There’s a big conflict of interest concern here. I am Executive Director & President of Open Humans Foundation, and I have been the primary reviewer of projects to date. Although I told the board about this project when I released it, I think it should be revisited for community input.

I hope someone else can step forward to make a final call on the review decision. Thanks in advance for everyone’s feedback!

Should this project be visible and available for all Open Humans members to join?

Please vote Approve or Deny, and/or comment.

Quick links

• Activity page: https://www.openhumans.org/activity/genevieve-genome-report/
• Project review guide: Project Review Guide
• Project guidelines: https://www.openhumans.org/community-guidelines/#project

Project info

• Title: Genevieve Genome Report
• Managed by: Mad Ball
• Description: Genevieve is a tool that invites you to explore your genome. By matching your genome against ClinVar’s public variant data, you have a window into what researchers see.
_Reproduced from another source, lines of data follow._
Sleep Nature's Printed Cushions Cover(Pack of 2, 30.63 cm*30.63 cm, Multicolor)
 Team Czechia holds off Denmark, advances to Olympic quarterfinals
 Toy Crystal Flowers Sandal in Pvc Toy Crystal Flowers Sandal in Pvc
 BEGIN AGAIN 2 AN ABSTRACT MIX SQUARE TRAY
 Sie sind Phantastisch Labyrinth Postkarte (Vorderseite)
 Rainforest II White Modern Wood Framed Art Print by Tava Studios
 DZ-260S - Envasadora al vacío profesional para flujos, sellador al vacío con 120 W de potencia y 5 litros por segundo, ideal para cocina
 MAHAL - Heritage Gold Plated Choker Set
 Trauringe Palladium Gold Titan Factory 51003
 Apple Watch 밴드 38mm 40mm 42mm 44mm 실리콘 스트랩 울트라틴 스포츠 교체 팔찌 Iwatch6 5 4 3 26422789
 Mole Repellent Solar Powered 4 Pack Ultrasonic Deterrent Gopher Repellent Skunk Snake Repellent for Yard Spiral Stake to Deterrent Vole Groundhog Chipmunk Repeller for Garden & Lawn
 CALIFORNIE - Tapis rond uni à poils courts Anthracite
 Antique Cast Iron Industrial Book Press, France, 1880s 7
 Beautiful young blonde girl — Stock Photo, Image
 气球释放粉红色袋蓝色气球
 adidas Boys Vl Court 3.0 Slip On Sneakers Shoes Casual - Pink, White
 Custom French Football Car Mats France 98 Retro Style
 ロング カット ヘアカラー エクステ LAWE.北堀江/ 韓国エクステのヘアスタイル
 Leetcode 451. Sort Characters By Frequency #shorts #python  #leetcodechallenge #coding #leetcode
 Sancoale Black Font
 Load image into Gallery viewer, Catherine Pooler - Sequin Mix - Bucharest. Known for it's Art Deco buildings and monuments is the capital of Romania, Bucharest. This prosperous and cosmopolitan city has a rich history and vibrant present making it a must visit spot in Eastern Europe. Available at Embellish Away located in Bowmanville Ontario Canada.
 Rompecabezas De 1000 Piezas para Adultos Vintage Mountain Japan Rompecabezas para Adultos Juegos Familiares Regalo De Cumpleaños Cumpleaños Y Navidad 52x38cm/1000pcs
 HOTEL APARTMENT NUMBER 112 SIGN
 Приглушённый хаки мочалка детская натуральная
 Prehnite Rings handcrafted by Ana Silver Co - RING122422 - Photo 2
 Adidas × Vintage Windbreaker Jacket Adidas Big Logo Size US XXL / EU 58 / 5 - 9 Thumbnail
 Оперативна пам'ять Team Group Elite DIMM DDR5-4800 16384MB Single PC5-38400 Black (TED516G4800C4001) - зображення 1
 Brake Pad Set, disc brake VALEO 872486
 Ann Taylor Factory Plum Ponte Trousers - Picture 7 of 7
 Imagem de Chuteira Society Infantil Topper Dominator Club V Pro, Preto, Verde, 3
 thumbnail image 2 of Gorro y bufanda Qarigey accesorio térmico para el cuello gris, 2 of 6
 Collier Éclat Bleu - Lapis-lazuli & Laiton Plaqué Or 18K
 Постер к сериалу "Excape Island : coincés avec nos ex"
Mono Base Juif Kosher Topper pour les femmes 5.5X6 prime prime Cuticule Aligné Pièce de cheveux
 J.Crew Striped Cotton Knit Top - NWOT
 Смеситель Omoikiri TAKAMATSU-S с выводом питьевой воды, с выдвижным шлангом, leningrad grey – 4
To help improve our shared understanding, Genevieve invites users to contribute to shared, public, wiki-style notes that elaborate on genetic variant information.
• Project website: https://genevieve.herokuapp.com/
• Connections: 681 members
• Data received: Open Humans username (implicitly, public data on Open Humans), Genome/Exome Upload, Harvard Personal Genome Project, 23andMe Upload
• Data added: None

Approve (contingent on security suggestion #1)

I should first declare my own conflict, namely that I am a former employee of Open Humans and have some emotional investment in seeing it succeed. More projects built on or integrating with Open Humans make that success seem more likely, so I am slightly biased towards approval.

That said, I think Mad’s project is exemplary in terms of communicating which project datasets are used, what they are used for, what Genevieve itself is used for, and potential issues that may arise.

In terms of security I have the following suggestions:

1. upgrade to a more recent version of Django (1.9 has no security fixes since April 2017). 1.11 LTS would be a good target since it will receive security fixes until “at least April 2020”
2. set CSRF_COOKIE_SECURE and SESSION_COOKIE_SECURE to True. If someone connects to Genevieve by memory (by typing genevieve.herokuapp.com into the address bar) or they click on a link that specifies the http:// version of the site they will leak their cookies once before Heroku redirects them to the https:// version of the site. There is a very small chance that this will ever be exploited but it’s easy to protect against with no side effects

Approve

Statement of conflict of interest: I am on the Harvard Personal Genome Project staff and have worked with Madeleine Ball in that context in the past.

Belated but I’m here now!

• I’ve updated Genevieve to Django 2.1
• Other packages are all updated too, including a security issue with requests
• I set SECURE_SSL_REDIRECT = True for when it’s running on Heroku
• I’ve updated the badge so the colors don’t look close to the Open Humans brand

@beau any new thoughts? I know it’s been a while!

make sure these two are set in genevieve_client/settings.py, other than that it looks good to me

Done!

And I’ve been kicking the thing making it work again. Seems like the messaging queue broke, not sure. I think it works now.

Closing this topic as re-approved as there’s no further comments!

If further things come up we can discuss those in another round of review if needed.